WORK TO BE COMPLETED: When the line containing "Kask Bluetooth Motosiklet" is found in the data below, give it again along with every later line, exactly; drop the pictures.

Scraped caption text data
======
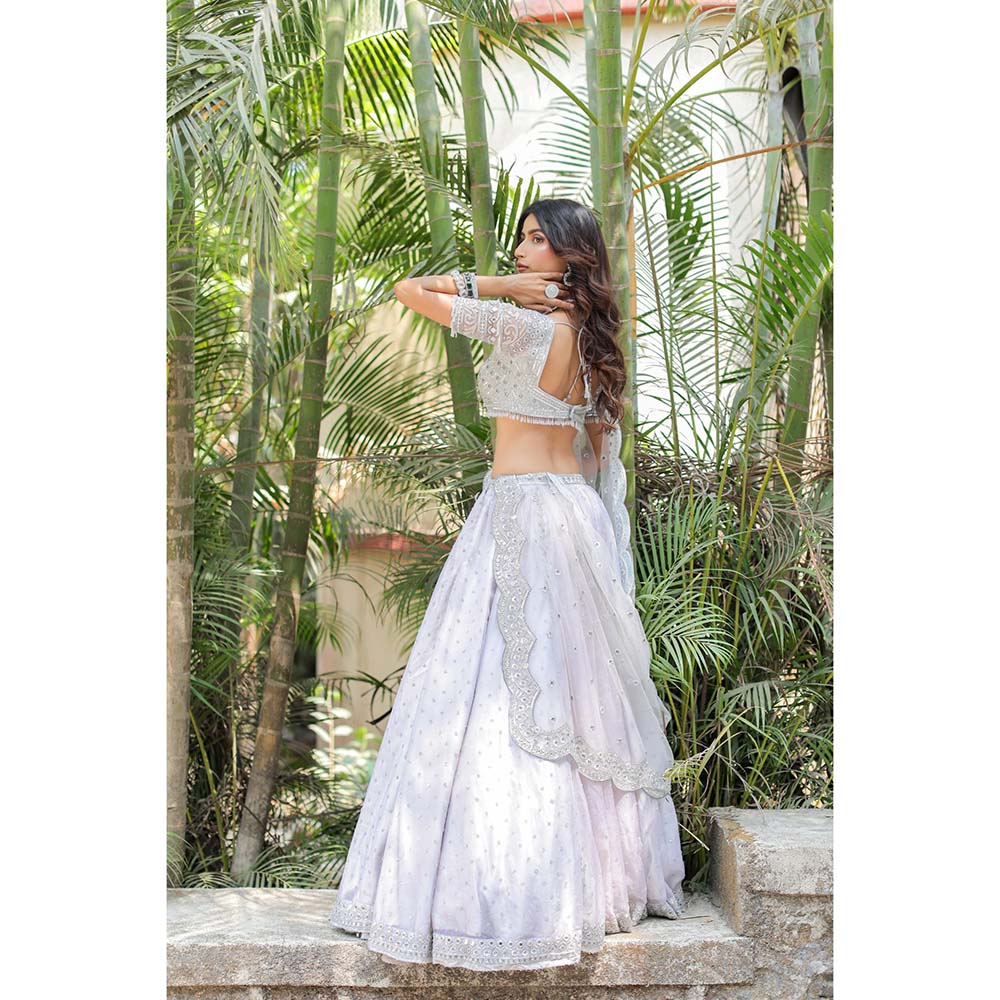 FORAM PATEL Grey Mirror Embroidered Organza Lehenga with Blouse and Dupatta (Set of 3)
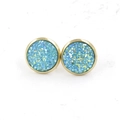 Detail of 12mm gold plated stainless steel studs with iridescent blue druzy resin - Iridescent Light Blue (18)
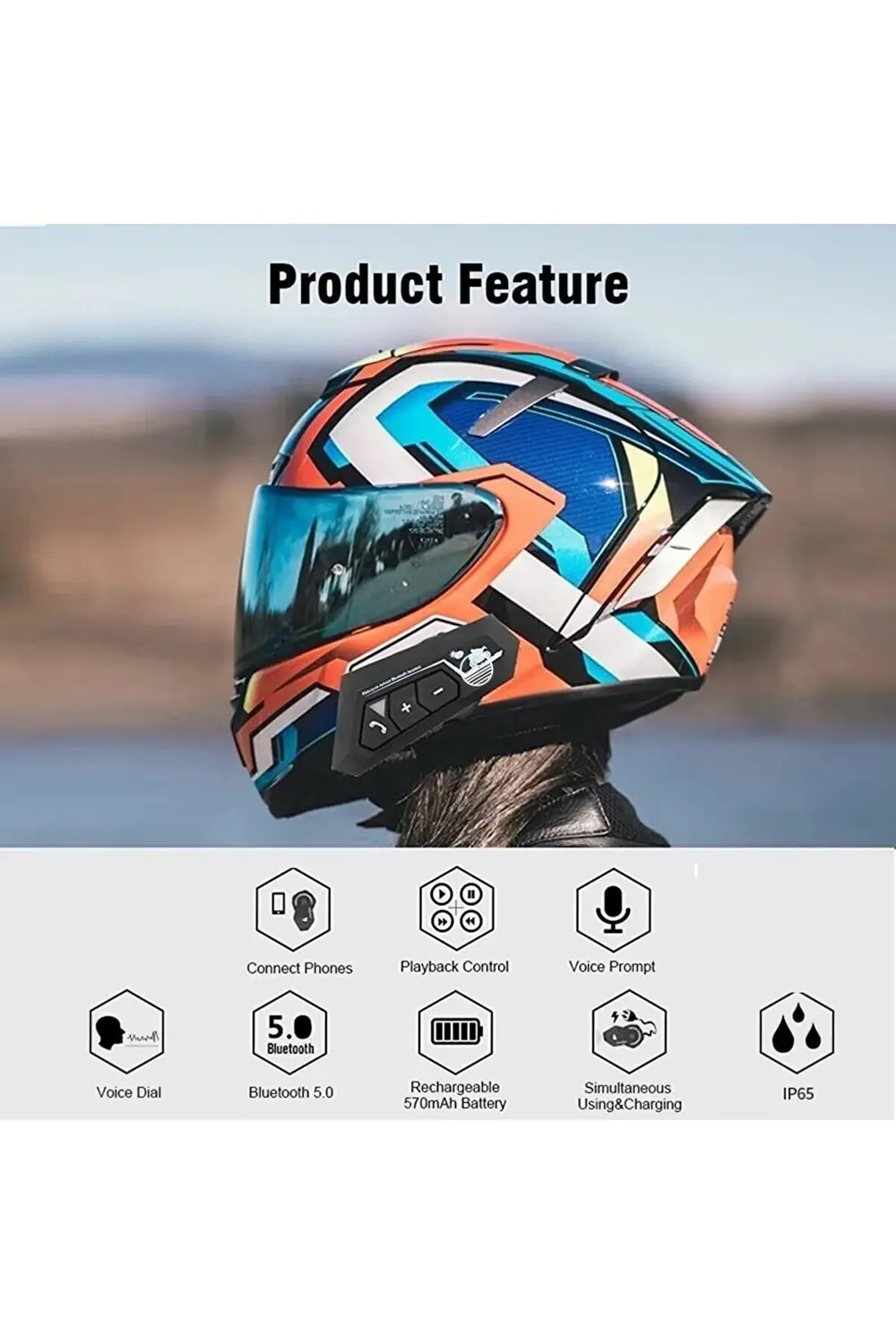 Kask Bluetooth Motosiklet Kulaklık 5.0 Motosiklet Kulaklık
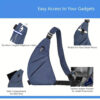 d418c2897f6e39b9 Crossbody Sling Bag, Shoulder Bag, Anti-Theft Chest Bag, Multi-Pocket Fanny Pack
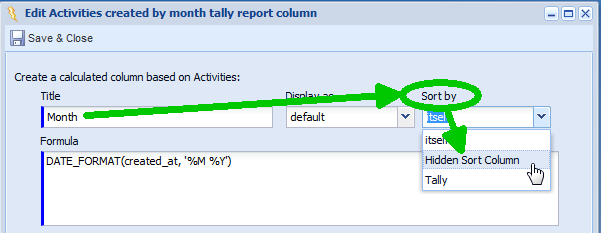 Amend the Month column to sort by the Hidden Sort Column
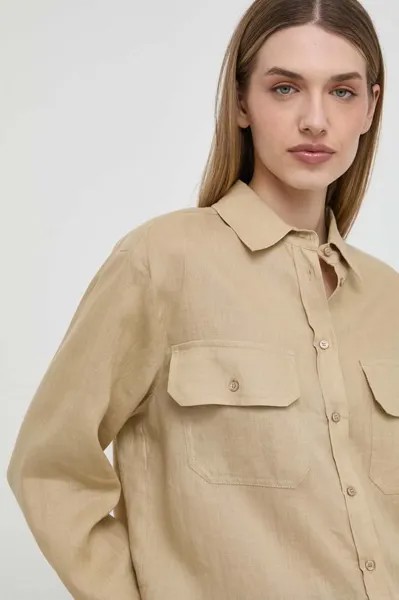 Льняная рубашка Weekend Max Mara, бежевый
======
SOLUTION:
 Kask Bluetooth Motosiklet Kulaklık 5.0 Motosiklet Kulaklık
 d418c2897f6e39b9 Crossbody Sling Bag, Shoulder Bag, Anti-Theft Chest Bag, Multi-Pocket Fanny Pack
 Amend the Month column to sort by the Hidden Sort Column
 Льняная рубашка Weekend Max Mara, бежевый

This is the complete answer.